« La partie
centrale de la figure représente quatre triangles équilatéraux entrelacés
inscrits dans un cercle, et formant douze sommets ou pointes, à chacun desquels
correspond une couleur déterminée. Au premier triangle droit, dont le sommet
est dirigé vers le haut, correspondent les trois couleurs fondamentales
disposées ainsi : le jaune au sommet, le bleu à droite de la base, et le
rouge à gauche. Au second triangle renversé,
disposé symétriquement et de façon inverse par rapport au premier, correspondent
les trois couleurs intermédiaires formées par le mélange des couleurs
fondamentales deux par deux, et distribuées ainsi : le violet, résultant
du rouge et du bleu, au sommet ; l’orangé, résultant du rouge et du jaune,
à gauche ; enfin le vert, résultant du jaune et du bleu, à droite. Aux
deux autres triangles, disposés également de façon symétrique par rapport aux
deux premiers, et dont les sommets occupent les points médians, correspondent
d’autres couleurs intermédiaires, toujours produites par le mélange, deux par
deux, des couleurs immédiatement voisines. Au centre est le blanc, synthèse de
toutes les couleurs : c’est la région de l’Unité principielle.
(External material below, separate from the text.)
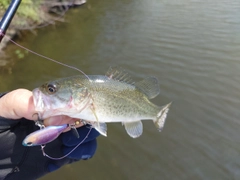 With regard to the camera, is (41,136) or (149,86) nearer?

Au dehors
des divers cercles qui constituent l’Archéomètre, est supposé le noir, qui est
l’absence de toute lumière, et par suite de toute couleur : c’est la
région des Ténèbres Extérieures » *.
(T.)
*Extrait
du premier long commentaire de l’Archéomètre figurant à la page 182 du numéro
de l’année 1910 de la revue La Gnose,
(rééditée intégralement en volume par les Editions
de l’Homme Libre, 2009).
Il
y a exactement 104 ans, l’Archéomètre de Saint-Yves d’Alveydre faisait l’objet
d’une présentation dans le n° 9 de La
Gnose (Juillet-Août 1910) par un auteur traditionnel signant T. qui le considère
comme : « le monument le plus admirable, dans le domaine de
l’Esotérisme, qui ait jamais été élevé à la gloire du Verbe Universel »,
et, comme une synthèse capable de ramener « toutes les manifestations
verbales » à leur Principe en mesurant « la place qu’elles occupent
dans l’harmonie Universelle ».
Selon
Saint Yves d’Alveydre, immédiatement cité à la suite de cette brève introduction, il s’agit d’« un rapporteur
qui est cyclique, code cosmogonique des hautes études religieuses,
scientifiques et artistiques ».
L’identité
du mystérieux auteur signant de la lettre T. ainsi que celle du Directeur de La Gnose du nom de Palingénius ne fait
aucun doute pour les familiers de l’œuvre de Guénon. Cependant, ces deux signatures doivent faire l’objet d’une
distinction en raison même de la fonction particulière de Palingénius et de celle clairement établi plus tard, par Guénon lui-même. Dans sa
correspondance, il précisera qu’à l’époque, il recherchait
encore les termes précis pour la composition d’un exposé traditionnel
rigoureux; d’autre part, à la suite d’une assertion de Schuon concernant une
prétendu fonction, il écrira du Caire à Caudron : « (…) je me
demande quelles “fonctions”
pourraient bien m’être retirées par qui que ce soit, puisque je n’en ai jamais accepté
nulle part », ce qui, manifestement, doit s’entendre : sous
le nom de René Guénon*.
* Ce terme de
fonction doit être compris ici dans son acception première de “charge” et non dans le
sens plus général qu’il prendra par la suite, notamment avec M. Vâlsan dans son
Hommage « La fonction de René Guénon et le sort
de l’Occident ». (Études
traditionnelles, 1951).
On
est immédiatement frappé à la lecture de cette présentation par l’autorité qui s’en dégage et par la présence des thèmes essentiels de l’enseignement
intellectuel considérable que nous connaissons aujourd’hui.
« Disons
ici, une fois pour toutes, que rien dans l’Archéomètre n’est arbitraire :
les éléments divers s’y trouvent placés d’une façon rigoureusement
mathématique, et cet instrument plus qu’humain n’a pas été créé pour servir à
faire prédominer un système sur un autre, ni à inventer un système
nouveau ; la synthèse qu’il comporte ne peut être exprimée dans un système
quelconque, qui serait nécessairement une formule fermée. C’est une clef
synthétique permettant de déterminer la valeur intrinsèque de chaque système
philosophique, scientifique ou religieux, et de la rattacher à l’Arbre
universel de la Science ou de la Tradition ».
.
*
*
*
Les
significations astrologiques de l’Archéomètre
Au
centre de la figure sont dessinés, sur fond blanc, « synthèse de toutes
les couleurs symbolisant l’Unité principielle », les deux axes de l’“Ampleur”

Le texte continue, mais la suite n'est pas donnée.